Summary

Rochester receives a note from a man named Daniel Cosway, one of Alexander Cosway's bastard children. The note informs Rochester of Antoinette's depraved background: her father was a detestable, wicked slave owner and her mother a spoilt woman who died a dangerous lunatic. Daniel Cosway writes that he considers it his Christian duty to warn Rochester about his new wife. Daniel advises Rochester to visit him in the nearby town of Massacre.

After reading the letter at the bathing pool, Rochester walks back to the house, sweating and trembling, and he crushes an orchid along the way. He overhears Amelie and his wife arguing. When Amelie makes a snide comment about Rochester, Antoinette slaps her; the two fight until Rochester intervenes, and then Amelie leaves the room, singing about a "white cockroach." In her anger, Antoinette tears up a bed sheet with scissors.
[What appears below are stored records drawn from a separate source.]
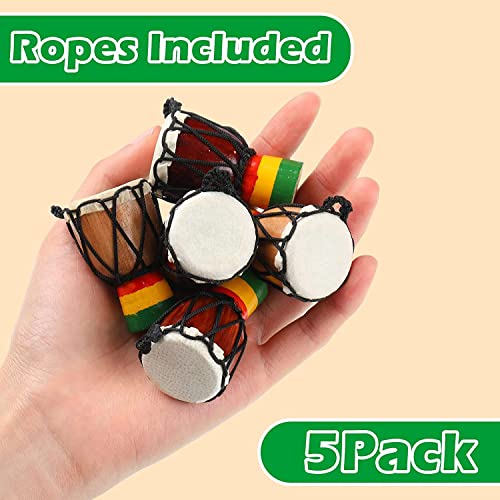 Rtxbvg 5 x Series Instrument Necklaces Djembe Drum Mini Pendant African Drum Necklace Wooden Drums and Percussion - Image 2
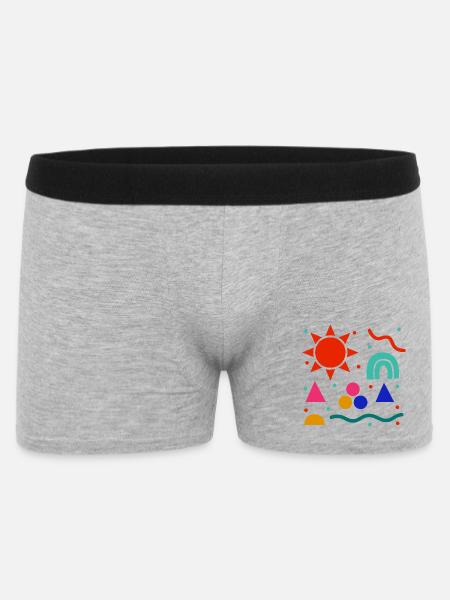 Lebendige Geometrie Sonnenfarben Muster - Männer Boxer Shorts - Grau meliert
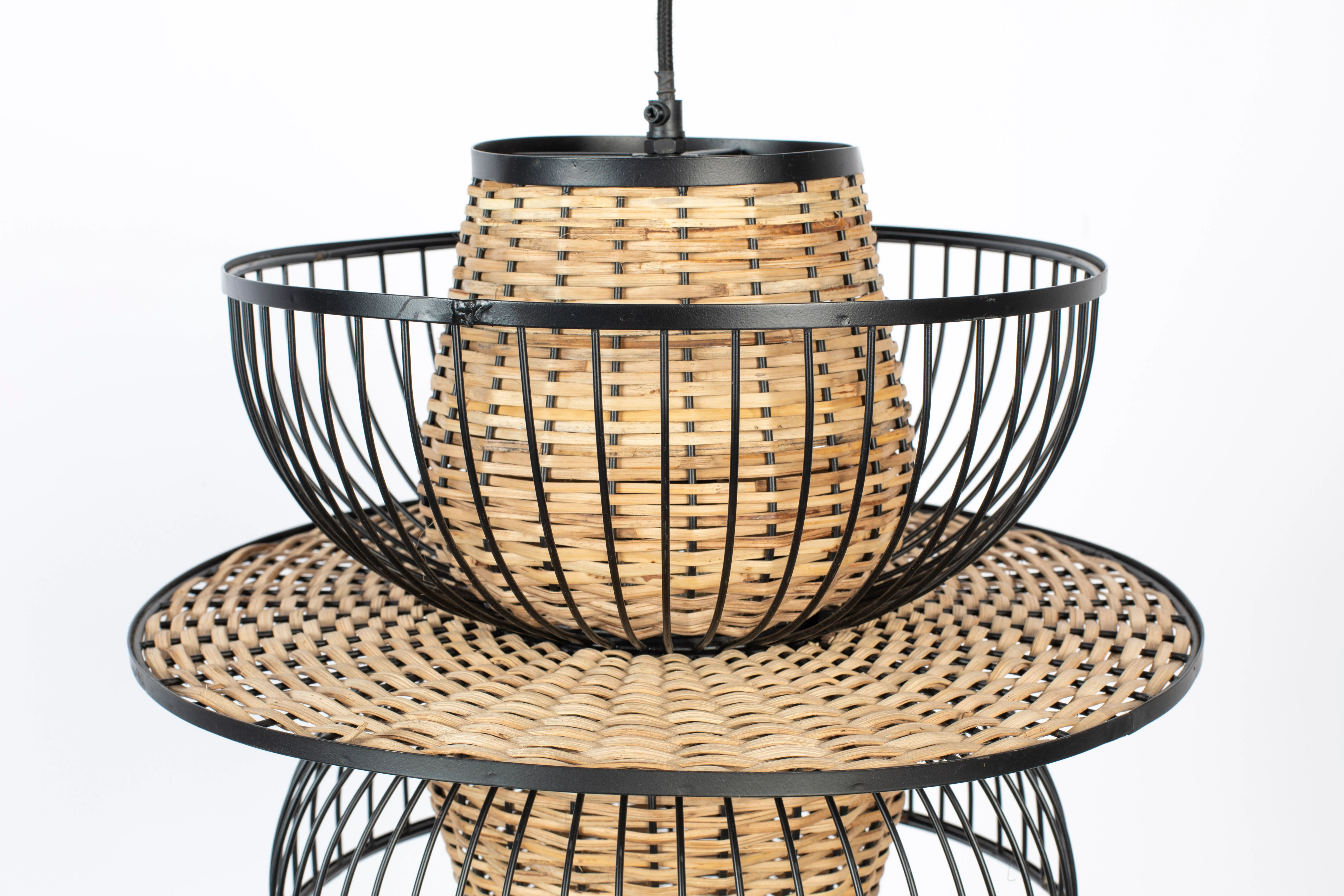 Lampa wisząca CARMEN czarny z naturalnym wykończeniem - Image 13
When Christophine enters, Antoinette asks her if what Amelie has said is indeed true—that Christophine is leaving. Christophine confirms that she is going to work with her son, leaving the estate and its unfriendly master. Amelie reenters the room, smiling mischievously at Rochester, but Christophine threatens Amelie. After both servants exit, Antoinette tries to explain to her husband how painful it is to be rejected by both Black people and the English, but he cannot understand.

Later that day, as Rochester walks in the forest, he begins to think that his father, his brother, and Richard Mason have deliberately tricked him into marrying a lunatic, that "they all knew." As he prepares to head home, he encounters a girl who screams at the sight of him and runs away. Left alone in the chilly and dark forest, Rochester loses his way. Finally, Baptiste appears and leads Rochester back, dismissing his questions about zombies and the seemingly haunted road. Finding Antoinette's door bolted, Rochester goes to his room, where he drinks alone, reading a chapter on obeah in a book called The Glittering Coronet of Isles.

Analysis

The introduction of Daniel Cosway deepens Rhys's exploration of inherited suffering. With a white father and a Black mother, Daniel represents the racially split counterpart to Antoinette's culturally split identity; he is even more dramatically torn between the races than his fully white sister. Like Antoinette, whose mother disowns and rejects her, Daniel is also rejected, as a bastard son. He also suffers the indignities of his parentage and is powerless to change his inherited stigma. As rejected children, Daniel and Antoinette share their sense of isolation, displacement, and anger.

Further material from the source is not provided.